Pertenço ao século do rádio, da revista
semanal, do bonde e de uma praia onde o banho de mar era obrigatório. Íamos só
de "calção de banho" e não comíamos nada. As "meninas"
levavam as "barracas" que os mais bem apanhados "armavam"
vendo de perto o espetáculo gracioso e "casual" de observar como elas
despiam as suas "saídas de praia", revelando corpos impecáveis. A
praia parava para ver a chegada de certas moças, como a irmã do Nilton. Ou a
mãe do Manuão, especialista - diziam - em freudianamente desvirginar os amigos
do filho.
A ponte entre a fantasia do sexo real e a
irrealidade do romance ideal, que invariavelmente terminava na confissão
arrependida, era preenchida pelo rádio no canto de um Tony Bennett quando ele
entoava Stranger in Paradise (Estranho no Paraíso). O paraíso representado pelo
corpo desejado, mas ainda desconhecido de uma mulher - esse outro do qual
saímos e ao qual, numa hora encantada, voltamos inventando a nossa
masculinidade. Lembro que a belíssima canção era uma versão americanizada das
Danças Polovitisianas, da ópera Príncipe Igor, de Alexander Bodorin,
popularizada num musical da Broadway chamado Kismet, que os mais grosseiros
chamavam de "quis meter", numa falta de gosto que feria a sensibilidade
dos mais cultos e puros de coração.
Tudo era construído pelo rádio e foi pelo
rádio lá de casa que testemunhei o poder do drama no choro aberto de mamãe e
nas lágrimas contidas de meu pai ao ouvirem religiosamente a novela O Direito
de Nascer. Desse mesmo rádio, ouvi o fim da 2.ª Guerra Mundial, o suicídio de
Vargas e aprendi a imaginar campos de futebol e seus jogos maravilhosos pela
voz de Oduvaldo Cozzi. Ao lado de suas pilhas chorei quando vencemos a Copa em
1958 e ouvi o programa humorístico Balança mas não Cai, que os mais velhos
censuravam com o eterno "este mundo está perdido", no que eu, hoje
mais velho que eles, reitero que sempre esteve e vai estar. O rádio era o meio
e o mundo brasileiro (falado, ouvido e cantado), a mensagem.

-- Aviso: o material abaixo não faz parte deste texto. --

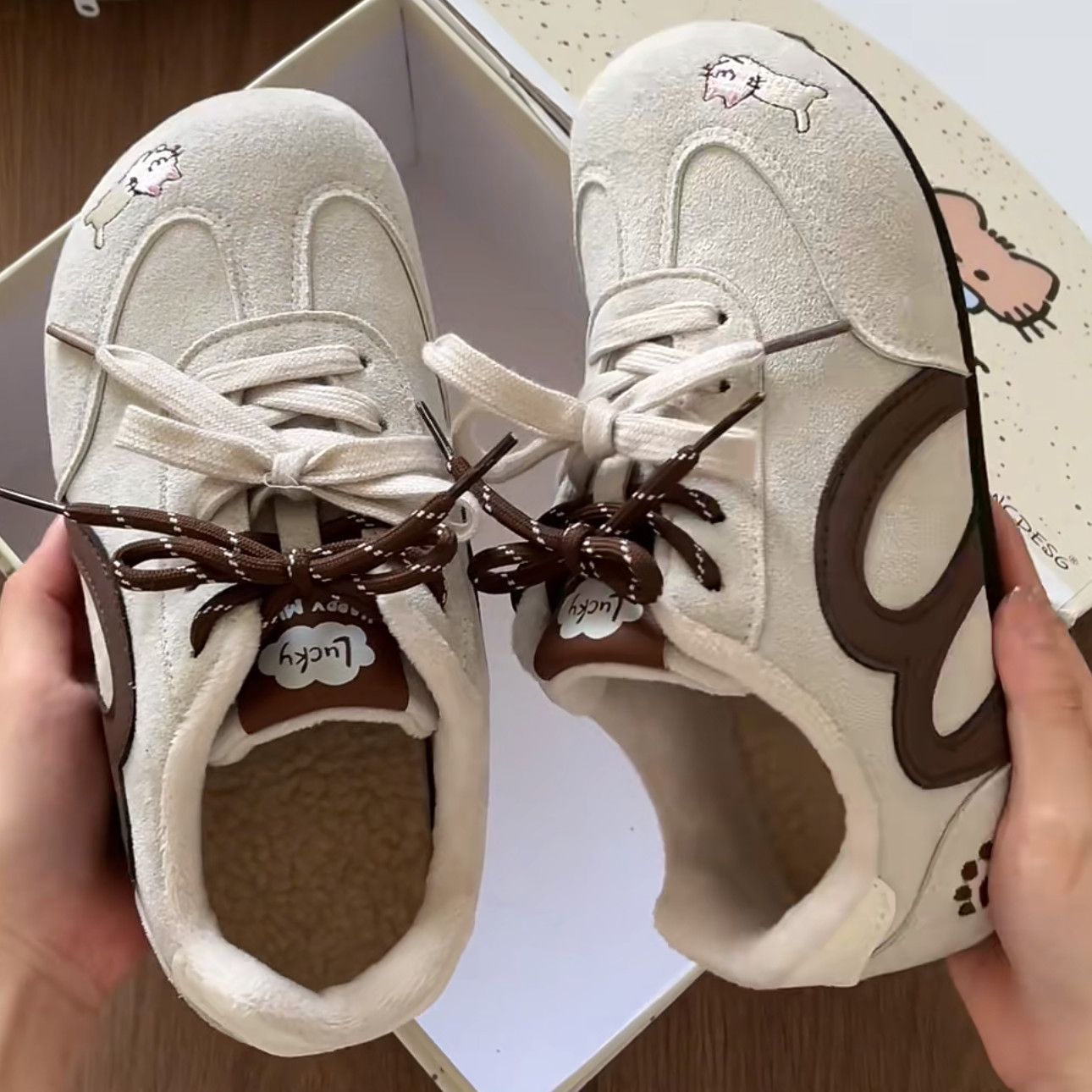 小众丑萌软底休闲鞋女2025秋冬爆款百搭德训鞋加绒棉鞋运动阿甘鞋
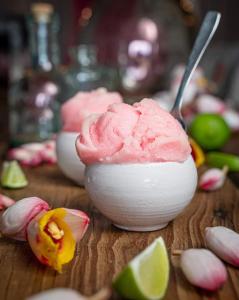 BeauregardHabitation Noelesse的桌上的三碗粉红色冰淇淋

Naquele Brasil de "80% de analfabetos
de pai e mãe", conforme era banal dizer com um certo gosto e, às vezes,
superioridade, quem não tinha rádio não estava no mundo.
Jaz aqui na minha frente a caixinha
retangular de um velho rádio Sharp de duas bandas e dez transistores que comprei
em Marabá no dia 3 de outubro de 1961, quando - em meio ao meu trabalho de
campo com os índios Gaviões - me alienei dos acontecimentos políticos nacionais
deflagrados pela renúncia de Jânio Quadros. O comerciante sírio-brasileiro que
me vendeu o aparelho disse que o "bichinho pegava tudo". As
estruturas eletrônicas do rádio iam me tirar das tais "estruturas
sociais" tocadas a Lévi-Strauss que eu perseguia com tanto ardor.
Voltamos para a aldeia com o rádio.
Queríamos notícias, mas os nossos constrangidos anfitriões - pois fomos nós que
nos intrometemos autoritariamente em suas vidas - queriam música. E música
sertaneja, naquela época representada pelo baião.
Uma noite, quando ouvíamos o noticiário
político, o nosso mais dedicado instrutor, Aproronenum - conhecido entre os
sertanejos pelo nobre apelido de Zarolho -, pediu música. Girei o indicador
para satisfazê-lo e em torno do rádio formou-se uma alegre plateia.
Logo descobri que a novidade não era bem a
música, mas o fato de ouvir e ver uma caixa cheia falante. Quando a música
terminou, um índio que eu mal conhecia, um sujeito mal encarado, demandou
exprimindo o desejo do grupo:
- Manda ele cantar de novo!
- Não posso - respondi atônito, diante do
radiozinho falante, mas surdo diante do meu problema.
- Mas como não pode? Se ele fala, ele
ouve!, disse o Gavião que havia chegado à aldeia durante os dias que estive em
Marabá.
Recordando muito mal o que sabia de
transmissores, tentei explicar o rádio. Esse rádio que havia permeado a minha
vida e que eu descobria não saber sobre como ele funcionava. Vi, então, que
sabia pouco do meu próprio mundo. Eu simplesmente, como Weber denunciou faz
tempo no seu A Ciência como Vocação, era moderno. Nada sabia das entranhas
dessas entidades mágicas que constituíam o meu mundo.